Health Care Ideas and Issues National Politics
Charles Blow

New Orleans   Charles Blow, the statistical columnist for the Times, did an excellent job today of “catching the cat,” as he called it by looking under the numbers of the polls around support or opposition to the Affordable Care Act (ACA).

Looking at a Times/CBS poll that is widely cited by the Republicans as their evidence that the American people hate the ACA, Blow noted that the actual poll showed that 27% of those polled said that ACA did not go far enough and 25% said ACA was about right.  In simple math that’s 52% support for ACA, which undermines the Republican’s claims about the 37% that said ACA “went too far.”  Looking further at the cross references in the poll, he found that those believing it went too far only accounted for 27% of the poll!  Furthermore some of the folks that wanted the bill struck down by the court were “single payers” who wanted Congress to go back and give us a better bill.

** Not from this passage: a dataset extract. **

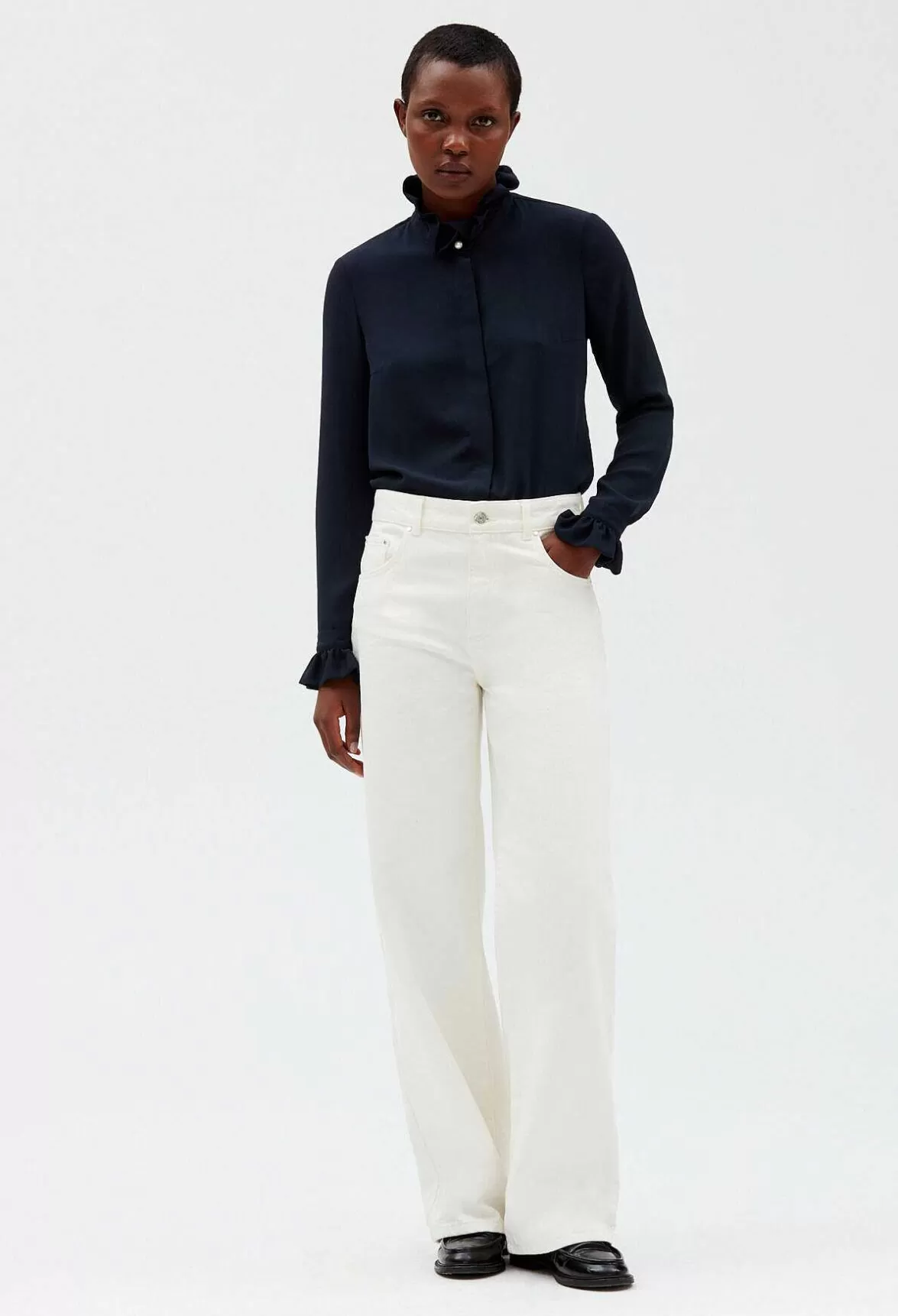 Claudie Pierlot Victorian Collar Blouse*Women Tops And Shirts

This problem with math skills deficiency in America today pervades politics and should lead to some kind of legislation, perhaps something like a No Politician Left Behind bill?

Speaking of enormous math errors, the Wall Street Journal noted that our friends at Bank of America have now ended up paying an extra $40 billion for their originally ill-advised purchase of Countrywide Mortgage for $2.5 billion as it headed for the tank.  Fresh from negotiations with Countrywide, I can still remember the conversations that we had with the Bank of America folks we worked with on mortgage lending where we advised them it was a HUGE MISTAKE for them to buy Countrywide.   But, what did we know, huh?

Math is a tool, and could be a friend, if you embraced it.